Setelah itu, Jacobson mengirimkan 27 buah salinan naskah kepada L.C. Westenenk yang merupakan residen di Bengkulu.

Westenenk berhasil memecahkan salinan naskah yang diberikan padanya dengan berbekal dari pengalamannya dalam meneliti aksara-aksara di Sumatera Selatan.

Lalu, Westenenk menyusun tabel Aksara Incung yang diterbitkan dalam jurnal Etnografi pada 1922 di Batavia.

Tidak hanya Westenenk, seorang pegawai bahasa pada masa kolonial, yaitu Petrus Voorhoeve dan istrinya dengan seorang guru pribumi di Kerinci, Abdul Hamid, juga berhasil mendokumentasikan dan mentransliterasikan ratusan naskah kuno yang beraksara Incung, Jawi, dan Pasca-Pallawa di Sumatera Tengah.

Pada 1941, hasil transliterasi itu dibukukan dengan judul "Tambo Kerintji".

Dokumen tersebut kemudian diketik ulang oleh C.W. Watson dan disempurnakan ejaannya oleh Uli Kozok pada 2006.

Naskah Incung

Umumnya, naskah Incung dituliskan pada media berupa tanduk kerbau, bambu, kulit kayu, kertas, dan tulang.
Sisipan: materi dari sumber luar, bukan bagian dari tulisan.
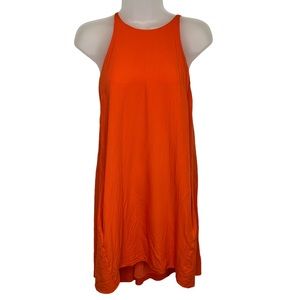 Rachel Rachel Roy Women’s Dress Orange Knee Length Extra Small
Naskah Incung yang ditulis di tanduk kerbau biasanya berisi surat perjanjian dan tembo (komunitas penyimpan naskah), seperti empat naskah tanduk yang disimpan oleh luhah Depati Sungai Lago di Mendapo Rawang.

Naskah tersebut berisikan keterangan silsilah dari komunitas yang menghuni Tanah Rawang.

Kemudian, naskah Incung pada bambu dan kertas biasanya berisi prosa ratapan kesedihan dan percintaan.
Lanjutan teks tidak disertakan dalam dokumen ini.